The tweet that inspired this shared a tweet that compared useR (a conference about using the R statistical programming language in Brisbane, Australia in 2018), with ICML (a conference about machine learning in Stockholm, Sweden in 2018). The below chunk gets the data for these two conferences and for the 10th International Conference on Teaching Statistics in Kyoto, Japan.
Also note, the n = were chosen by trial and error. Very sophisticated.
There also seemed to be lots of tweets under the ICOTS hashtag that were about Ethereum, which wasn’t really related to us.
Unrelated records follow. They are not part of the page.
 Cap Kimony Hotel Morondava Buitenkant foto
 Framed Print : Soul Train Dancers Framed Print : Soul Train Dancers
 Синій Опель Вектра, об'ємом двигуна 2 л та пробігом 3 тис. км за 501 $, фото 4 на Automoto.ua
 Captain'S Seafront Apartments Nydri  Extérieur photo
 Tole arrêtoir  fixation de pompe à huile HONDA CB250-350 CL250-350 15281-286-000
I’ve filtered these out.
And you might want to look at the dates in a different timezone setting - these conferences are all in different countries and I’ve just taken the time and date created information directly from the Twitter API results with no transformation.
Let’s take a look!
Number of tweets by conference
Can you spot which day ICOTS had a half-day and folks went off exploring Kyoto or to see the deer at Nara instead of tweeting?
What about percentage of tweets getting favourited or retweeted?
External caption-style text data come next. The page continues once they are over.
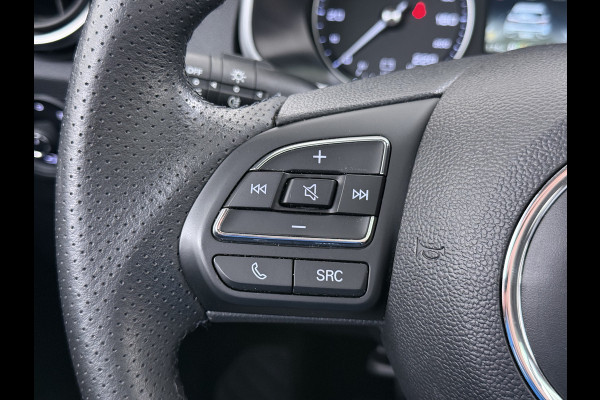 MG Mg Zs EV Luxury 45kWh SOH 92% Panorama-Schuifdak Leder+Verwrmd Trekhaak Adap.Cruise Camera Navi Apple Carplay Android Auto Elek.Stoel  Airco Privacy Glas Isofix DAB Lmv 17" Keyless 1e Eigenaar Dealeronderhouden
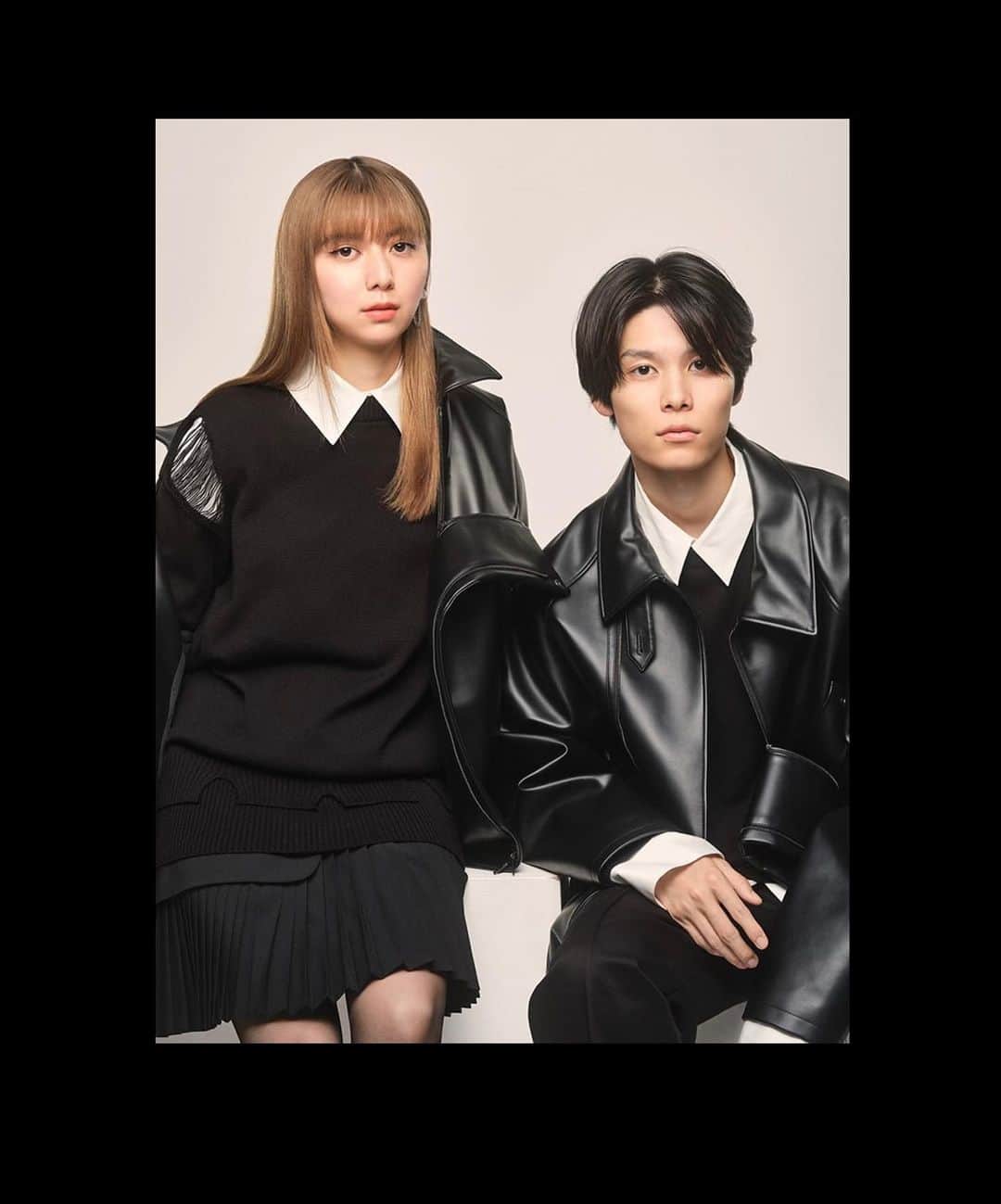 上白石萌歌のインスタグラム：「ADEAM×GINZA 上白石萌歌と萩原利久が着る 〈アディアム イチ〉の洗練された ストリート・スタイル  10年来のマブ、萩原利久氏とすてきなシューティングをしました！🌠 10年前の我々が見たらびっくりするだろうなぁ。。(笑) 素敵な機会を与えてくださったADEAMさま、GINZAさま ありがとうございました！」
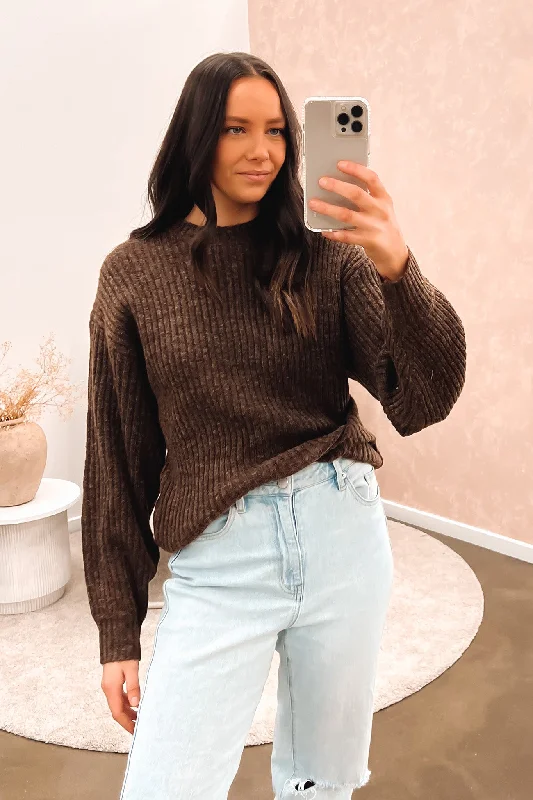 Lola Knit Brown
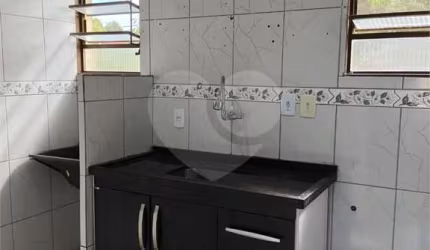Condomínio com 2 quartos à venda em Jardim Santo Expedito - SP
I was curious whether support/quality within the hashtags was similar. I think proportion of tweets getting retweeted or favourited might be an interesting measure of the “interestingness” of the tweets, but more likely an indicator of how supportive the group on that hashtag are.
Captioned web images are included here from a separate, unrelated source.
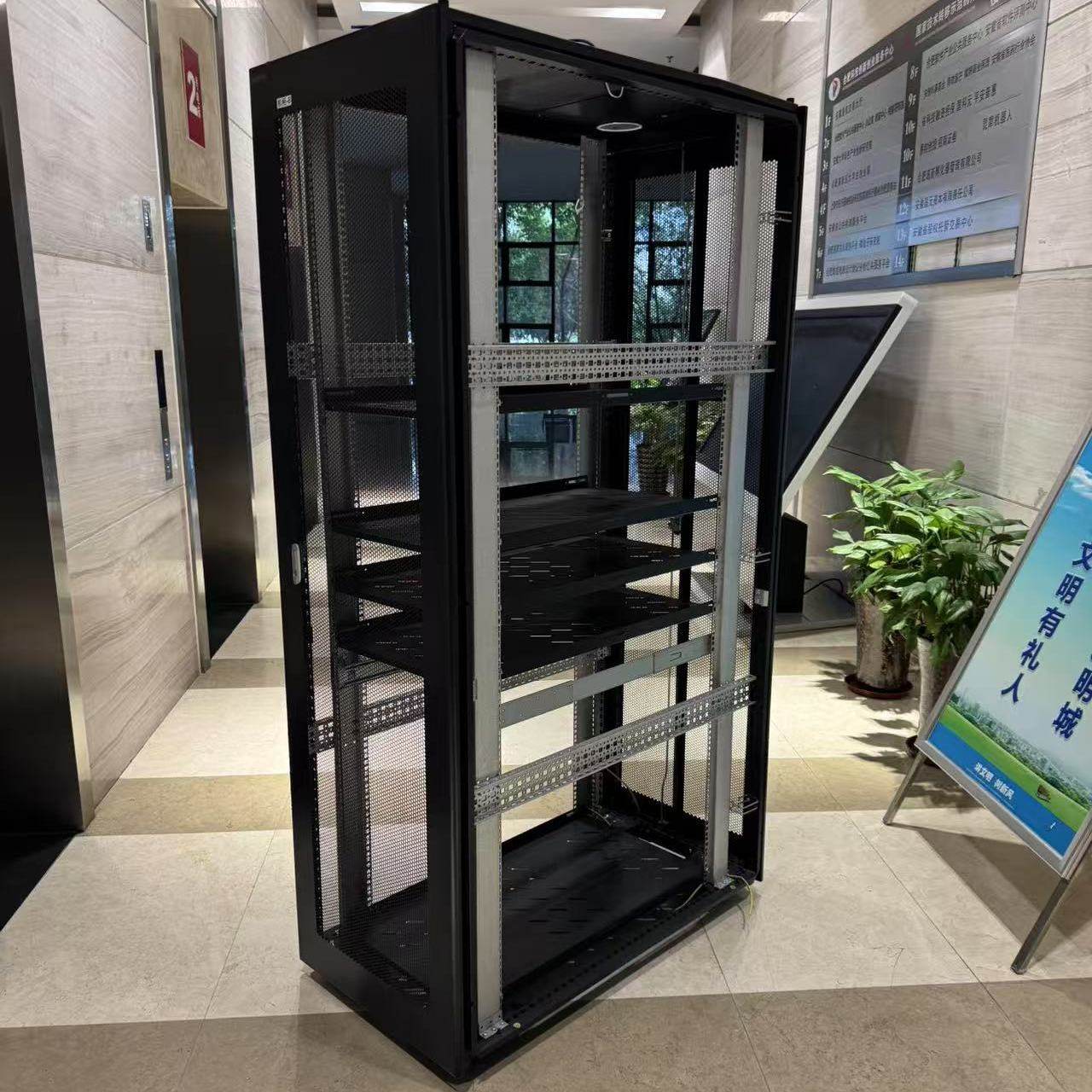 TOTEN/正品图腾机柜K38042 800*2000*1000 服务器机柜 网络机柜 月光锁 布线机柜 二手拆机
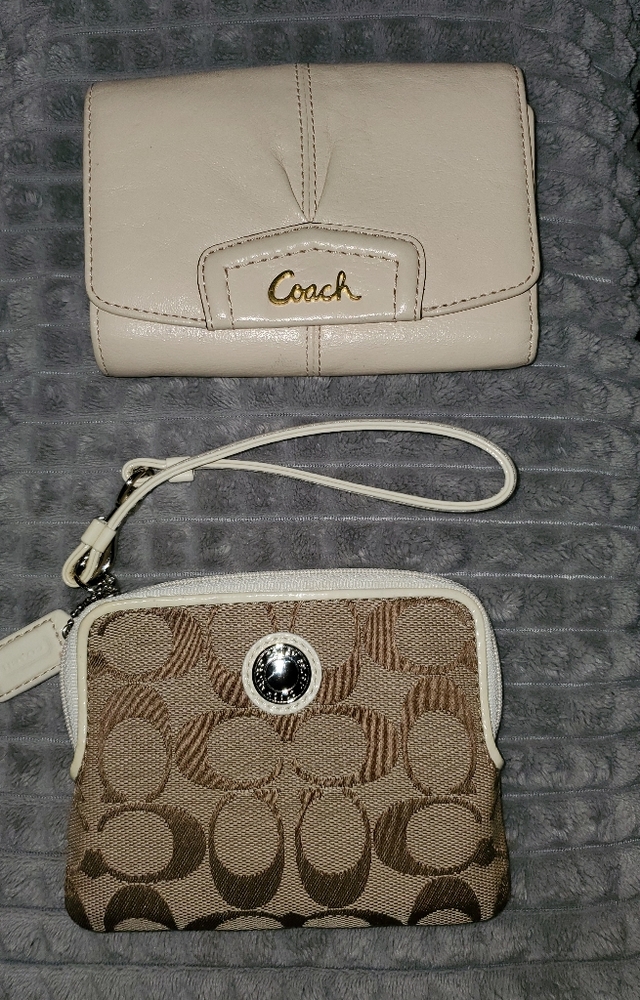 Coach Wallet & Wristlet!!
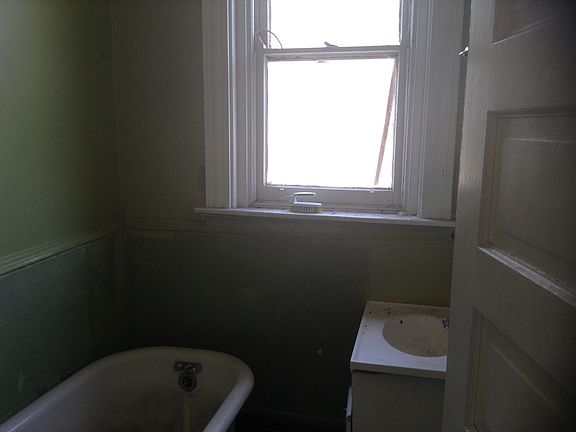 2nd image of 223 Forest Ave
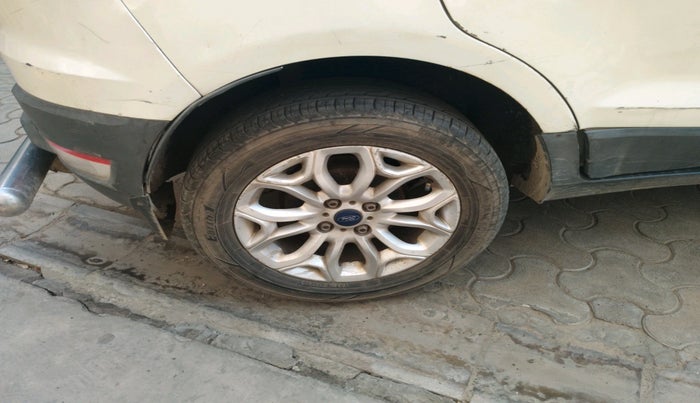 2017 Ford Ecosport TITANIUM 1.5L DIESEL, Diesel, Manual, 82,556 km, tyre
What better place to explore emojis from than the country that gave us the language that gave us the word! Ya follow? Emoji is a Japanese word that, if a quick Google search is to be believed, means “picture character”.
There is a table provided by the Unicode organisation that has the emoji, and an additional one that details skintone variations. These also provide a text description and groups the emoji into wider groups, like flags, buildings, types of facial expression etc. It would be ideal to have that information in R to work with directly, so I want to scrape the tables into R. I can check if this seems to be allowed by using the robotstxt package. There are a range of other ways to get databases like this, this just seemed easiest for this case.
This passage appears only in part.